Wakaf  berfungsi  untuk  mewujudkan  potensi  dan  manfaat  ekonomis  harta benda wakaf untuk kepentingan ibadah dan untuk memajukan kesejahteraan umum. Kemajuan dan peningkatan ekonomi umat, bantuan kepada fakir miskin.

B.     Sejarah Wakaf
Dalam  sejarah Islam, Wakaf dikenal sejak  masa  Rasulullah  SAW karena wakaf disyariatkan setelah nabi SAW tahun kedua Hijriyah. Ada dua pendapat yang berkembang  di  kalangan Fuqaha  tentang   siapa  yang   pertama   kali   melaksanakan syariat wakaf.

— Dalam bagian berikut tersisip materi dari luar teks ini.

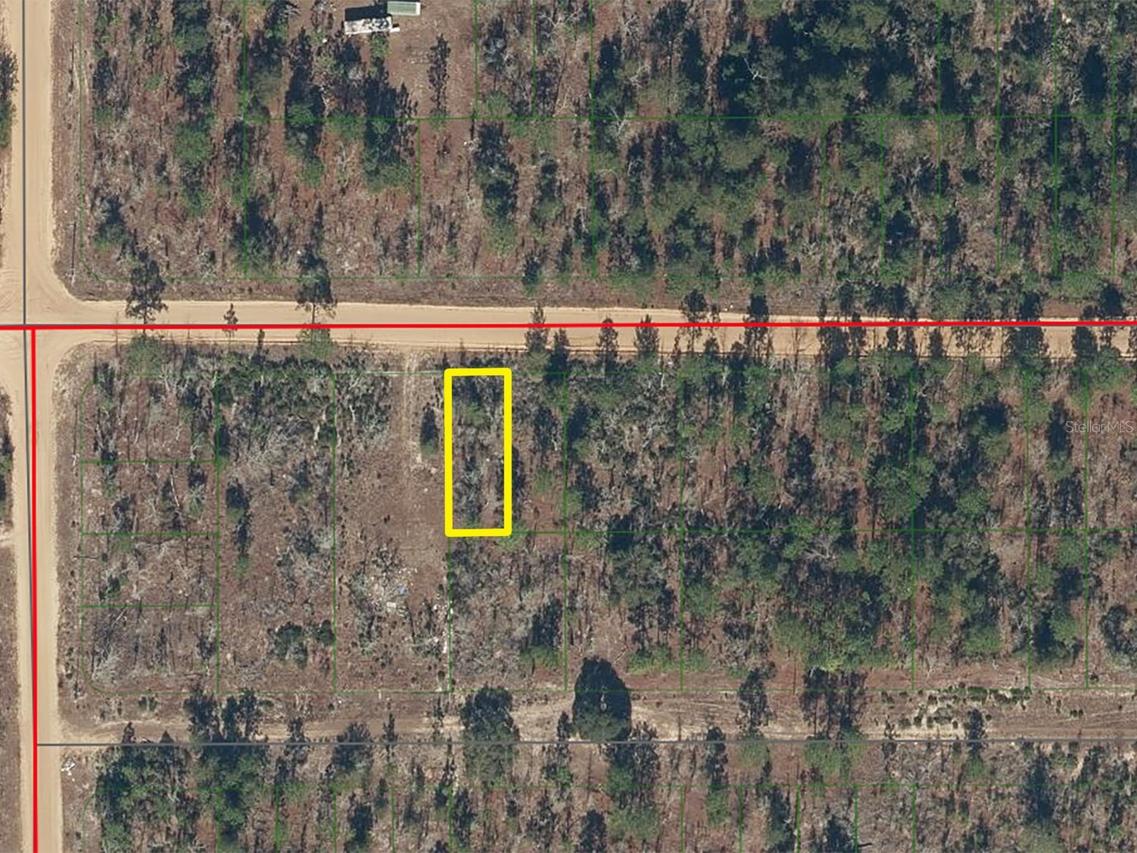 1133 Twin Lakes Blvd., Interlachen, FL 32148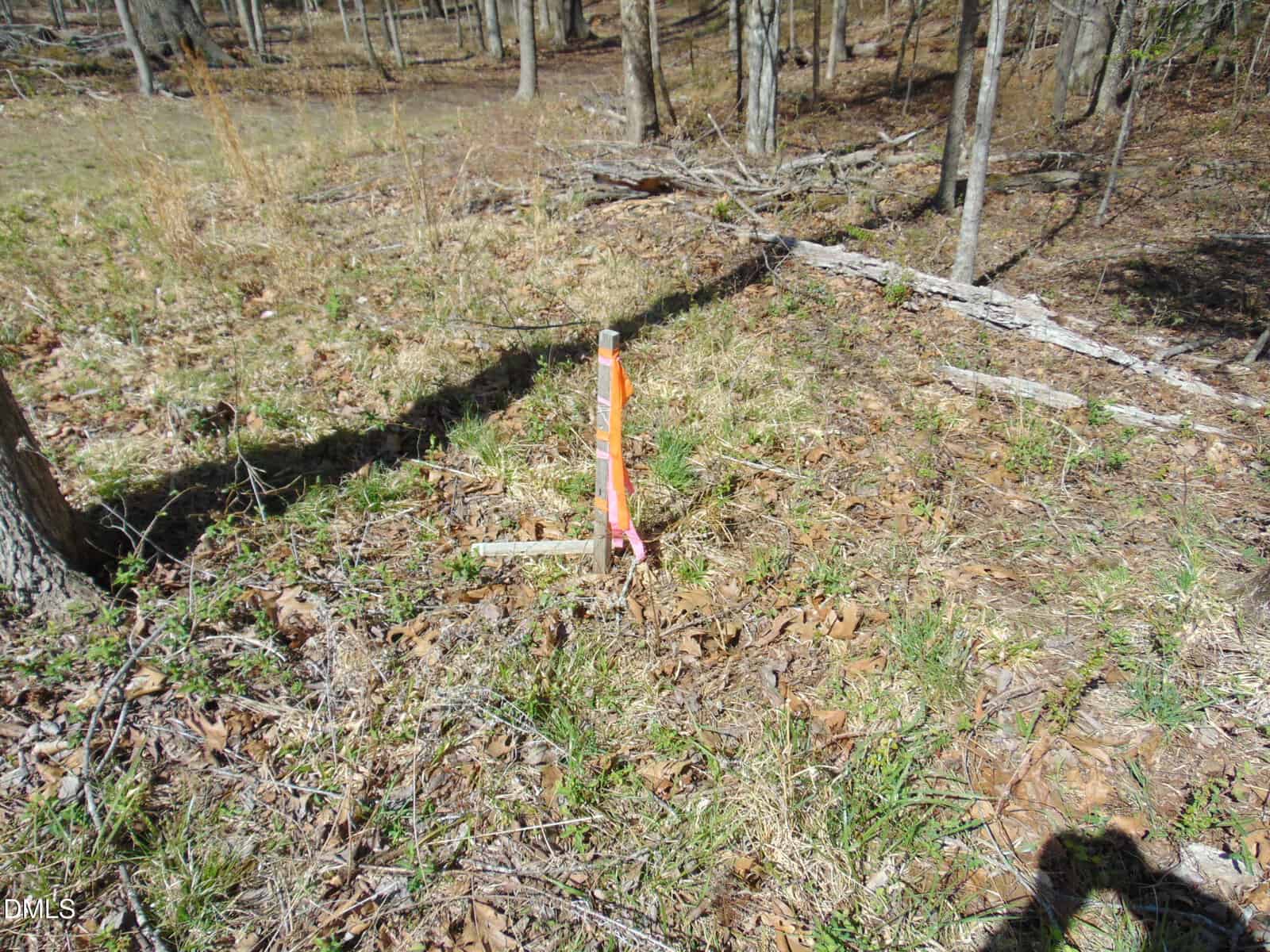 A wooded area with a wooden stake in the ground, marked by bright orange and pink flagging tape. Dry leaves and grass cover the ground, and trees without leaves are in the background.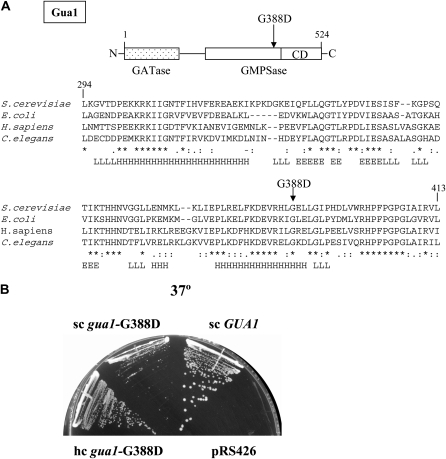 Figure 3.—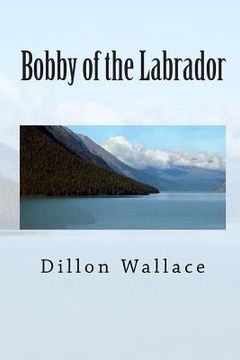 portada Bobby of the Labrador (en Inglés)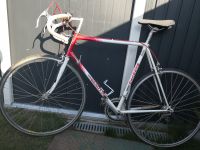 Rennrad BENOTTO Modelo 800 weiß/rot Size 60cm Sachsen-Anhalt - Halle Vorschau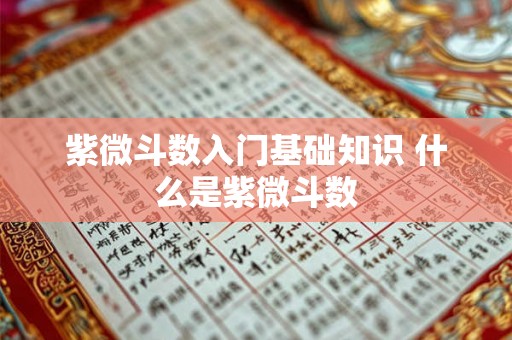紫微斗数入门基础知识 什么是紫微斗数
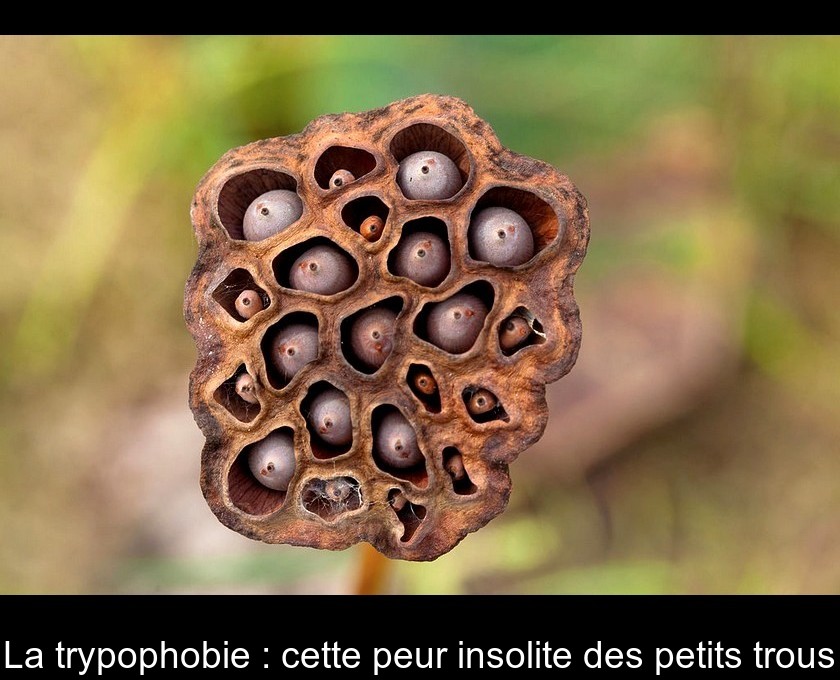 La trypophobie : cette peur insolite des petits trous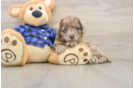 Mini Labradoodle Puppy for Adoption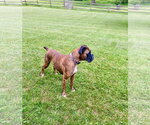 Small #2 Boxer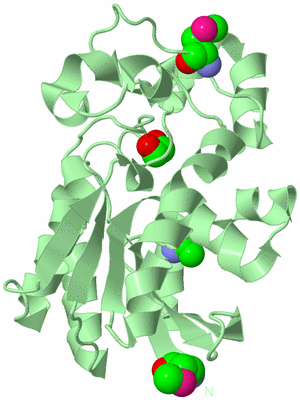 Image Biological Unit 4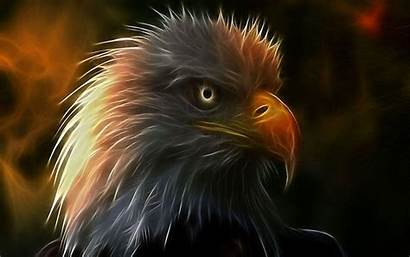 Eagle Fire Wallpapers Eagles Desktop Backgrounds Bald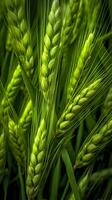 Green barley spike closeup, Green wheat, full grain, Close up of an ear of unripe wheat, AI Generative photo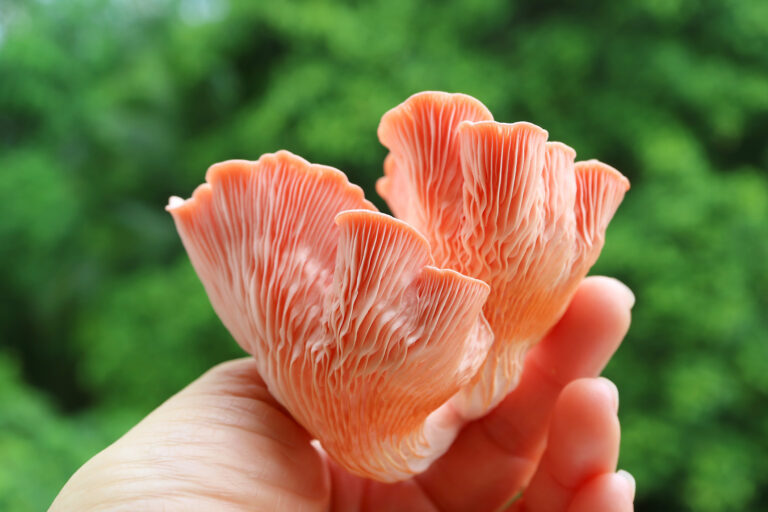 rosa ostronskivling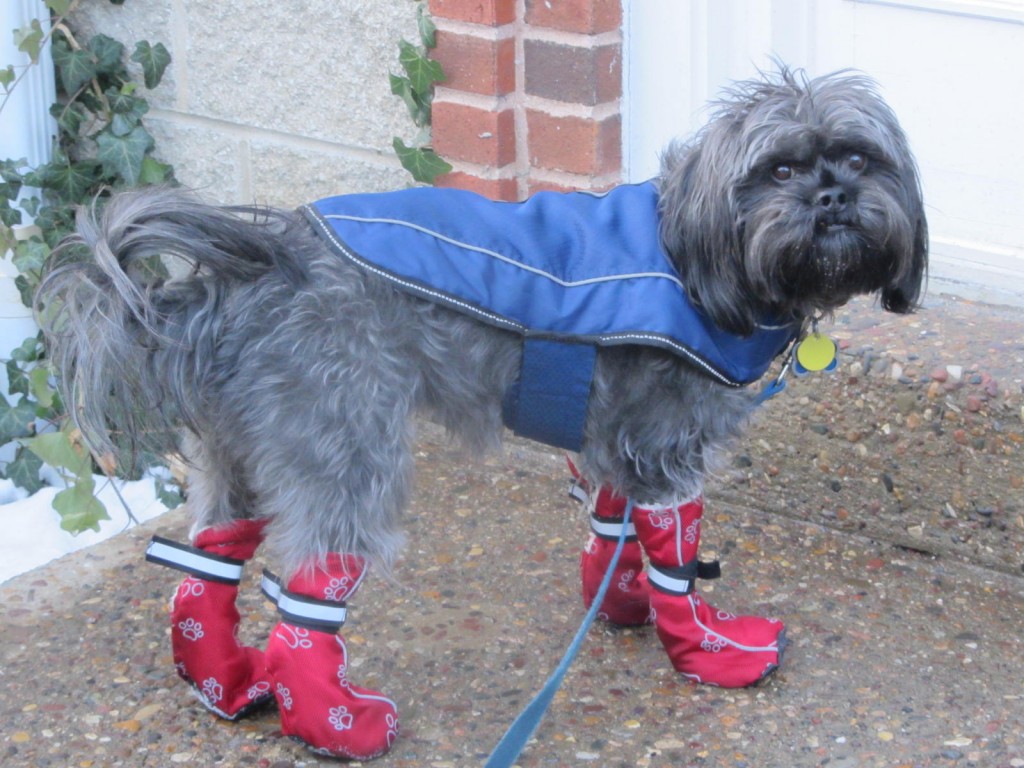 Milo in boots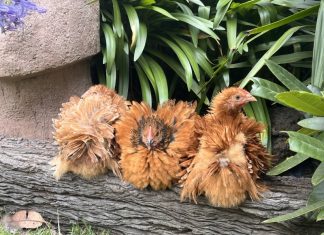 Poultry auctions at Kyneton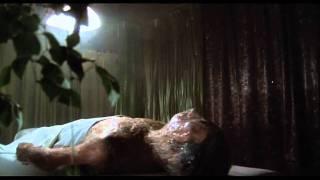 Invasion of the Body Snatchers (1978) Pod Body Opens Its Eyes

Menurut sebagian pendapat ulama mengatakan bahwa yang pertama kali melaksanakan wakaf adalah Rasulullah SAW ialah wakaf tanah milik Nabi SAW untuk   dibangun   masjid.   Keberadaan   wakaf   sejak   masa   Rasulullah   saw,   telah diriwayatkan oleh Abdullah Bin Umar, bahwa umar bin khatab mendapat sebidang tanah di khaibar. Lalu umar bin kahatab menghadap Rasul untuk memohon petunjuk tentang apa yang sepatutnya dilakukan terhadap tanah tersebut. Lalu Rasul menjawab jika   engkau   mau   tahanlah   tanah   itu   laku   engkau   sedekahkan.   Lalu   umar menyedekahkan dan mensyaratkan bahwa tanah itu tidak boleh diwariskan. Umara saluran hasil tanah itu untuk orang-orang fakir, ahli familinya, membebaskan budak, orang-orang yang berjuang fisabililah. Masa-masa itu wakaf pertama dalam islam yang  dilakukan   oleh   Umar  Bin   khatab,  kemudian   disusul   oleh  abu   thalhah  dan sahabat-sahabat nabi Masa dinasti islam Praktek wakaf menjadi lebih luas pada masa dinasti   Umayah   dan   dinasti   Abbasiyah,   semua   orang   berduyun-duyun   untuk melaksanakan wakaf, dan wakaf tidak hanya untuk orang-orang fakir dan miskin saja, tetapi wakaf menjadi modal untuk membangun lembaga pendidikan, membangun perpustakaan dan membayar gaji para statnya, gaji para guru dan beasiswa untuk para siswa dan mahasiswa. Wakaf pada mulanya hanyalah keinginan seseorang yang ingin berbuat baik dengan kekayaan yang dimilikinya dan dikelola secara individu tanpa ada aturan yang pasti. Namun setelah masyarakat Islam merasakan betapa manfaatnya lembaga wakaf, maka timbullah keinginan untuk mengatur perwakafan dengan baik.
Kemudian dibentuk lembaga yang mengatur wakaf untuk mengelola, memelihara dan menggunakan harta wakaf, baik secara umum seperti masjid atau secara individu atau keluarga   Pada   masa   dinasti   Umayyah,   terbentuk   lembaga   wakaf   tersendiri sebagaimana lembaga lainnya dibawah pengawasan hakim. Lembaga wakaf inilah yang pertama kali dilakukan dalam administrasi wakaf di Mesir, bahkan diseluruh negara Islam. Pada masa dinasti Abbasiyah terdapat lembaga wakaf yang disebut dengan “shadr al-Wuquuf” yang mengurus administrasi dan memilih staf pengelola lembaga wakaf. Demikian perkembangan wakaf pada masa dinasti Umayyah dan Abbasiyah yang  manfaatnya  dapat  dirasakan  oleh  masyarakat,  sehingga  lembaga wakaf berkembang searah dengan pengaturan administrasinya.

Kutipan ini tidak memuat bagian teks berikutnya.